The word to look for is "with". Report every line of the entries below that has it.
== Given data
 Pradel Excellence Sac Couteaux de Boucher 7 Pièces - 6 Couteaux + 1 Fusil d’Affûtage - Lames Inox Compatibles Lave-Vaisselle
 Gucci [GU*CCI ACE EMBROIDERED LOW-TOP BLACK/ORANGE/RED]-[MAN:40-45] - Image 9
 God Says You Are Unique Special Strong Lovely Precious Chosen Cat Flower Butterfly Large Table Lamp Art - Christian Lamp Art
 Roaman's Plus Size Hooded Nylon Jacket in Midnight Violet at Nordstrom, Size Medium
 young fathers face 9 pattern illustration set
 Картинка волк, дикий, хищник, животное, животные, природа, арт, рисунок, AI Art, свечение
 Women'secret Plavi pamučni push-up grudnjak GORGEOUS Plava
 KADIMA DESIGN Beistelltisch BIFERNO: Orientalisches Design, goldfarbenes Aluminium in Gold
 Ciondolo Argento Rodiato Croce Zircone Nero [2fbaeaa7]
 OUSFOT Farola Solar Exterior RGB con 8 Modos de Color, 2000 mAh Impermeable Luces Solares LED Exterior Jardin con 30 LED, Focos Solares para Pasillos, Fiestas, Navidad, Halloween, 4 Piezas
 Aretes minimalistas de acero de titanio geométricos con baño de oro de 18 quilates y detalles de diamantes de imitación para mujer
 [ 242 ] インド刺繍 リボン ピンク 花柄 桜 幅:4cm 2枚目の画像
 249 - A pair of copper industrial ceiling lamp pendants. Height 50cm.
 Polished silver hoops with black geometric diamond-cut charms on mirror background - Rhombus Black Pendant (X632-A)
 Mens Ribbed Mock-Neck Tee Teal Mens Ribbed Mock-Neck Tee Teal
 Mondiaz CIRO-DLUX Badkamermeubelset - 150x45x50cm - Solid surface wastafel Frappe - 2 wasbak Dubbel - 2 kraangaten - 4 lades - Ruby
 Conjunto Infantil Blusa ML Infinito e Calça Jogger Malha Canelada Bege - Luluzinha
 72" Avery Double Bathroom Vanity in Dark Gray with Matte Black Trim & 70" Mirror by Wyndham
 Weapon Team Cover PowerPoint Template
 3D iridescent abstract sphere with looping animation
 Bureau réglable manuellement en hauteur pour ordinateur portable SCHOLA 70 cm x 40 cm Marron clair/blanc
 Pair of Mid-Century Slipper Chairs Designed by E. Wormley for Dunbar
====
▶ [Solved problem]:
 Polished silver hoops with black geometric diamond-cut charms on mirror background - Rhombus Black Pendant (X632-A)
 72" Avery Double Bathroom Vanity in Dark Gray with Matte Black Trim & 70" Mirror by Wyndham
 3D iridescent abstract sphere with looping animation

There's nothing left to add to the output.